Le gouvernement du Nunavut préconise la prise de décisions éclairées et ne peut donc pas appuyer la création d’une nouvelle zone de protection, même de façon provisoire, sans qu’il y ait de consultation publique et d’évaluation des ressources minérales et énergétiques, et sans que nous soyons des participants à part entière dans ce processus.
Lorsqu’il a comparu devant le comité, le 26 février 2019, le premier ministre du territoire a de nouveau fait part de ses préoccupations aux membres du comité :
Je tiens à répéter que nous ne sommes pas opposés à la création d’aires protégées, mais que nous soutenons que nous devons jouer un rôle dans le processus décisionnel.

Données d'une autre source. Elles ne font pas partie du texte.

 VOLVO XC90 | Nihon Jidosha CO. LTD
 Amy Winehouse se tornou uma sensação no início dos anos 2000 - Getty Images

Nous avons exprimé à des occasions précises nos préoccupations au sujet de l’incapacité générale du gouvernement du Canada à faire participer le gouvernement du Nunavut à son processus décisionnel concernant les zones de protection marines.
Si le projet de loi C-55 obtient la sanction royale, il viendra légitimer davantage la prise de décisions unilatérales par le gouvernement du Canada au nom du Nunavut, ce qui aura une incidence directe sur les perspectives économiques des générations futures de Nunavummiut.
Par conséquent, le gouvernement du Nunavut demande au gouvernement du Canada d’apporter un amendement au projet de loi qui exigerait le consentement des gouvernements limitrophes avant la désignation d’une zone de protection marine ou l’interdiction d’activités au sein d’une zone de protection marine proposée dans ces administrations. Cet engagement renforcerait et améliorerait l’occasion de collaboration et de discussion au moment de l’établissement de zones de protection marines dans les eaux territoriales du Nunavut ou à proximité du territoire.
Lors de son témoignage du 6 février 2019, Duane Smith, président et chef de la direction de la Société régionale inuvialuite, a aussi parlé de ses préoccupations à propos du pouvoir unilatéral qui est accordé au ministre pour désigner une zone de protection marine provisoire.
Il a dit ce qui suit :
Les Inuvialuit craignent que l’établissement de ZPM par décret ministériel en vertu de la Loi sur les océans et la restriction supplémentaire du développement par décret d’interdiction en vertu de la LFH réduisent le niveau de leur participation aux décisions déterminantes pour l’avenir de la région et exacerbent les problèmes de mise en œuvre que nous connaissons déjà.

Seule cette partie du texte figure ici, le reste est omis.